A la vérité, il n'est pas besoin d'être grand clerc pour conclure à l'effet désastreux pour l'emploi d'un abaissement à 11 salariés de l'obligation de désignation d'un comité d'entreprise, (tout au moins dans sa forme et avec les conséquences actuelles, notamment pénales, de l'institution), ou encore de l'augmentation de 4% du coût du travail. A l'heure où l'on multiplie les exonérations fiscales et sociales en faveur des PME, que l'on désigne avec raison comme le fer de lance de l'emploi en France, une augmentation du coût du travail par la suppression des seuils ne pourrait être que l'œuvre de Gribouille.

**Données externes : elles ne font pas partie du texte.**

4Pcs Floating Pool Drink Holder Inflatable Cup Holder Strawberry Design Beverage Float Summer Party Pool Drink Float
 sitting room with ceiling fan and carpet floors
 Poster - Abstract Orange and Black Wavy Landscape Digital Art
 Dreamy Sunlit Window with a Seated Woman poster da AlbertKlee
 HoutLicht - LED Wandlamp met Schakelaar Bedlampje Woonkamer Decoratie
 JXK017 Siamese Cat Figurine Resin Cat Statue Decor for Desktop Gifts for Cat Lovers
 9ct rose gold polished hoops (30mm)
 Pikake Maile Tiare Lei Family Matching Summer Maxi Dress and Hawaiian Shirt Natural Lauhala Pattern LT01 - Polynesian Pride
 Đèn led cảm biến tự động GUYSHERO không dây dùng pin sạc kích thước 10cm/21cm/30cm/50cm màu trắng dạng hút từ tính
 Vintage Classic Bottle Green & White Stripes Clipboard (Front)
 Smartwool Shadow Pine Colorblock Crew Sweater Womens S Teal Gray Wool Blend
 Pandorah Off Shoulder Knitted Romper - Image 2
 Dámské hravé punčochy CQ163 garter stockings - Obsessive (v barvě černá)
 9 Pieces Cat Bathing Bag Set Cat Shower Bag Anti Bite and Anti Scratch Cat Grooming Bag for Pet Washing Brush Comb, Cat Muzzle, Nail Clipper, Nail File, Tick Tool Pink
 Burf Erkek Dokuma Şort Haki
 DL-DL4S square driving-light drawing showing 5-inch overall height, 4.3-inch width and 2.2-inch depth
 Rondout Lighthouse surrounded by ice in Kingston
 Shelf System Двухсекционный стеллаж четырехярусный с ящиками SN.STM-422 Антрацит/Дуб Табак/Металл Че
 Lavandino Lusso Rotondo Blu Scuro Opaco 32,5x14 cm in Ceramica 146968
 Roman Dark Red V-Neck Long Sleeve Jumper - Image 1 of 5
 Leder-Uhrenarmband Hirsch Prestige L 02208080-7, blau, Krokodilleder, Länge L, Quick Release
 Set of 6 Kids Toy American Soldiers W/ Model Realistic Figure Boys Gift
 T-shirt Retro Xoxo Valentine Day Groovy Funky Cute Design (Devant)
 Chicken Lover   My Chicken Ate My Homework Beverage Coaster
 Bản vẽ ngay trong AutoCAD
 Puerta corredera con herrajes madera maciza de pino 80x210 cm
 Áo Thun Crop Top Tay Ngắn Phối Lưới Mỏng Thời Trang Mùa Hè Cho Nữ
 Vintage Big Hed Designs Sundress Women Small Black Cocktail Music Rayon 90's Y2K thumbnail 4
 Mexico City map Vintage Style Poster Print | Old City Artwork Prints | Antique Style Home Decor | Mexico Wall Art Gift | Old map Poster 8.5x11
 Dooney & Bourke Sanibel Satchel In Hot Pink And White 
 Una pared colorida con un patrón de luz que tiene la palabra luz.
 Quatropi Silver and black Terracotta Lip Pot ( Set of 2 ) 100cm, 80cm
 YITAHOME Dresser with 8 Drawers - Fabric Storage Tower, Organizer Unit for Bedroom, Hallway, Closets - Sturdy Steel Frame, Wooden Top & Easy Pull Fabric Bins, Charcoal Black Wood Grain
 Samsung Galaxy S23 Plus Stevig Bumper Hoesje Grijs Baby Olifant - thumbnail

Il s'agit de savoir quelle est la priorité : donner « toujours plus » à ceux qui disposent déjà d'un emploi, ou favoriser l'emploi. Ce problème posé par les « insiders », et que l'on retrouve à propos de l'ensemble des droits sociaux (voir le cas du Smic, dont le tarif élevé et uniforme éloigne les éventuels entrants du marché du travail), doit à notre sens être réglé en faveur de l'emploi. Tant mieux si les grandes entreprises françaises peuvent répondre au désir de « toujours plus » - ce qui est d'ailleurs loin d'être le cas, à voir la diminution des effectifs de ces entreprises sur le sol français. Ce serait une politique irresponsable que d'augmenter les obligations des PME pour arriver au même résultat d'attrition de l'emploi. C'est pourquoi les dérogations en faveur des PME doivent être non seulement reconduites, mais amplifiées, et les seuils doublés comme le proposent l'UMP et les organisations patronales.
[1] Rapport Attali pour la libération de la croissance française (2008), décision 37. Il n'est pas possible dans le cadre de cette note de faire le tour de ces avantages, dont beaucoup tournent autour des avantages gérés par le comité d'entreprise (les chèques-vacances sont particulièrement prisés). Il faut y ajouter les obligations relatives à l'emploi des seniors, ainsi que la récente mesure des 1.000 euros pour les entreprises qui distribuent des bénéfices, qui ne s'appliquent qu'au-delà de 50 salariés.
[2] Chronique « C'est mon boulot » du vendredi 30 septembre.
[3] Les mesures en faveur de la croissance des PME et de l'emploi, mai 2011, propositions 12 et13.
[4] Ceci-Renaud et Chevalier, Economie et Statistique, No 437, 2010.